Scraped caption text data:
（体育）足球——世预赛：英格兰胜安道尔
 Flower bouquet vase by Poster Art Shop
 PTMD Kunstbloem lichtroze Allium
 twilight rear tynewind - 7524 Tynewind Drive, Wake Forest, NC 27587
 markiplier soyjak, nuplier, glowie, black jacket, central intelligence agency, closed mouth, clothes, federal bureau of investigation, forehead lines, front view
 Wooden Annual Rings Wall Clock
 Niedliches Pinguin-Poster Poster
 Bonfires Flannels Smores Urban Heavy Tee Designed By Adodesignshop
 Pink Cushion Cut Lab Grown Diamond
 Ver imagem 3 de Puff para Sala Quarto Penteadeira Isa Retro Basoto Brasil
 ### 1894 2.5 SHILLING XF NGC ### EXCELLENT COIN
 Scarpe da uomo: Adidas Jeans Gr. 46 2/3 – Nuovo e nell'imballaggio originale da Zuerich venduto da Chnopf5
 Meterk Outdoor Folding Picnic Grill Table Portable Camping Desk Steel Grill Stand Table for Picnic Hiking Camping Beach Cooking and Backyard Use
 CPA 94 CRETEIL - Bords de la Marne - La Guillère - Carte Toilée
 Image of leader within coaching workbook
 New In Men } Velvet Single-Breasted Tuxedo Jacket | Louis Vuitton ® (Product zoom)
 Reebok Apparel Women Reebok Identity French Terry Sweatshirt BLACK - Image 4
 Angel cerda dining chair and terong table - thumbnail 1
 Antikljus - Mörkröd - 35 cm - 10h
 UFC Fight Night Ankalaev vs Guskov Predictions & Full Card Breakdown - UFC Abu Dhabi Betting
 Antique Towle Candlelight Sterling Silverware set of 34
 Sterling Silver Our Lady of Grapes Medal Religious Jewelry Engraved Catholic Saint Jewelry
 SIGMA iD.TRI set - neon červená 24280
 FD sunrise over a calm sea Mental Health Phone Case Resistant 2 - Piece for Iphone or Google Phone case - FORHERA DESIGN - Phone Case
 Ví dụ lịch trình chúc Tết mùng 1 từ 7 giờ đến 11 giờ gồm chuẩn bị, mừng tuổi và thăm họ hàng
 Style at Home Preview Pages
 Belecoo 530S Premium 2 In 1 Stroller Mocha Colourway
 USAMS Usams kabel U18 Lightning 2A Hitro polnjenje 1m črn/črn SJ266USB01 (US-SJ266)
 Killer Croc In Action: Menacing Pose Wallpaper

* [TO DO]: Write out exactly the lines that fall from the line with "markiplier soyjak, nuplier, glowie, black" to the line with "Vuitton ® (Product zoom)" in the records above, keeping both ends.

* [REPLY TO THE TASK]:
 markiplier soyjak, nuplier, glowie, black jacket, central intelligence agency, closed mouth, clothes, federal bureau of investigation, forehead lines, front view
 Wooden Annual Rings Wall Clock
 Niedliches Pinguin-Poster Poster
 Bonfires Flannels Smores Urban Heavy Tee Designed By Adodesignshop
 Pink Cushion Cut Lab Grown Diamond
 Ver imagem 3 de Puff para Sala Quarto Penteadeira Isa Retro Basoto Brasil
 ### 1894 2.5 SHILLING XF NGC ### EXCELLENT COIN
 Scarpe da uomo: Adidas Jeans Gr. 46 2/3 – Nuovo e nell'imballaggio originale da Zuerich venduto da Chnopf5
 Meterk Outdoor Folding Picnic Grill Table Portable Camping Desk Steel Grill Stand Table for Picnic Hiking Camping Beach Cooking and Backyard Use
 CPA 94 CRETEIL - Bords de la Marne - La Guillère - Carte Toilée
 Image of leader within coaching workbook
 New In Men } Velvet Single-Breasted Tuxedo Jacket | Louis Vuitton ® (Product zoom)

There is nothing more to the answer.